En la ruta ortodoxa acecha la tentación, ciertamente, de acudir al bloque de
constitucionalidad, en beneficio de las Comunidades y en perjuicio de las
competencias del Estado. Una confusión considerable entorpece la tarea de los
intérpretes. Como confiesa Jesús García Torres, letrado del Estado con años de
práctica cotidiana ante el Tribunal Constitucional, es «tarea hercúlea, cuando
no desesperada» formarse un concepto exacto y preciso del bloque de
constitucionalidad.
Pero hemos de afrontar cualquier tentación y seguir por la vía recta, la trazada
por la Constitución de 1978. Los principios de ésta son claros e indiscutibles:
a) Soberanía de la Nación Española, titular del poder constituyente; b) Igualdad
de todos los españoles, se encuentren en un lugar u otro del territorio
nacional, c) Solidaridad entre las Comunidades que integran España.

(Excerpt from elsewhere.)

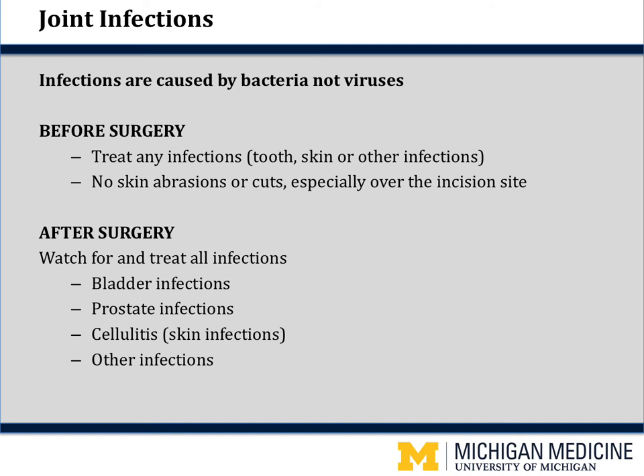How does a joint infection happen and how do you keep this from happening? Infections are caused by bacteria, not viruses — if you get a cold or the flu, you don't have to worry, it will not affect your joint. Bacteria from infections like a tooth infection, bladder infection, or skin infection can get into your bloodstream. Your normal body defenses would wipe them out, but now that you have a new joint, the bacteria see that as a great place to set up — they attach to the surface of the prosthesis and the only way to get rid of them is to take the prosthesis out. Before surgery, you must be free of any infections — no tooth, skin, or bladder infections — and no skin abrasions or cuts, especially over the site of the incision.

Si no abandonamos el buen camino, una meta alcanzable es la reforma de la
Constitución. Erróneo sería creer que el texto de 1978 es intocable. Las
Constituciones con larga vigencia, como es la de Estados Unidos de América, han
sido objeto de enmiendas y, sobre todo, han sido interpretadas conforme a las
cambiantes circunstancias de cada momento.

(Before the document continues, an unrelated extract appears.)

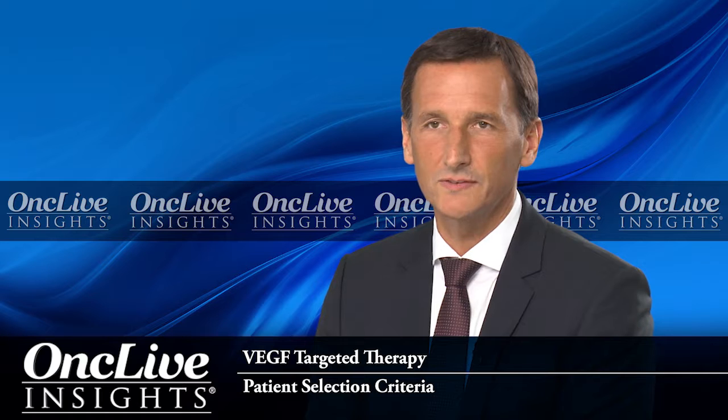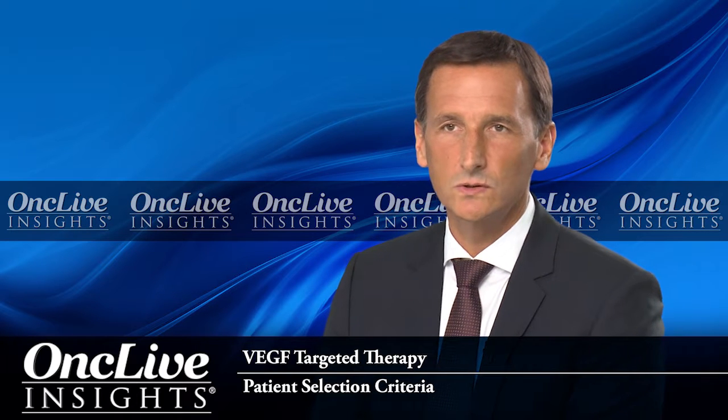The optimal patients to start sorafenib with are patients similar to those included in the clinical trials that have looked at the efficacy of sorafenib in HCC — patients who fulfill the inclusion criteria of the STORM study, for example. These are patients who are not candidates for local therapies because they have more advanced disease, they should have good liver function, they may have vascular invasion, and they might also have extra-hepatic metastases. These are probably the patients that benefit the most from systemic therapy with sorafenib.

Hay que recordar, al efecto, que los padres fundadores de la Nación
estadounidense establecieron un régimen congresional, con predominio del
Congreso sobre los otros poderes. Así empezó a caminar aquel país. Luego, a
mediados del siglo XIX, se instauró un gobierno de jueces, dada la relevancia
que allí poseyó la judicatura. Alexis de Tocqueville sentenciaba en 1834: «Casi
no hay cuestión política en Estados Unidos que no se resuelva, pronto o tarde,
en cuestión judicial». Y en el siglo XX el régimen norteamericano, bajo el
imperio de la misma Constitución de 1787, se convirtió en el paradigma de los
sistemas presidencialistas. La personalidad de Franklin Delano Roosevelt fue
determinante.
Los Estatutos de las Comunidades autónomas pueden reformarse ahora respetando el
ordenamiento constitucional. Nada lo impide. Existe un procedimiento para ello.

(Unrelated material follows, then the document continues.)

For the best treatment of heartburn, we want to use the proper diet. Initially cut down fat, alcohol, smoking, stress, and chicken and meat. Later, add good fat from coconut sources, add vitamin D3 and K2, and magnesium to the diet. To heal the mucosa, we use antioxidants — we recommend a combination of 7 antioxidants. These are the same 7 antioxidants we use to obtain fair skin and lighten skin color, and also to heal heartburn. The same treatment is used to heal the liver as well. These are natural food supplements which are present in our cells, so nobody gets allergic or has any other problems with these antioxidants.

Lo que no resulta admisible, y sería caer en una tentación, es estimar que el
poder originario reside en la Comunidad autónoma, olvidándose de que, como
subrayó el Tribunal Constitucional, autonomía no es soberanía.
Las rutas con muchas tentaciones en las orillas son peligrosas. Pero las
circunstancias históricas se nos imponen, no las escogemos nosotros. Y
Maquiavelo, con su habitual agudeza, ya advirtió: «Cuando se prevén los
peligros, pronto se conjuran. Si se les deja correr son irremediables».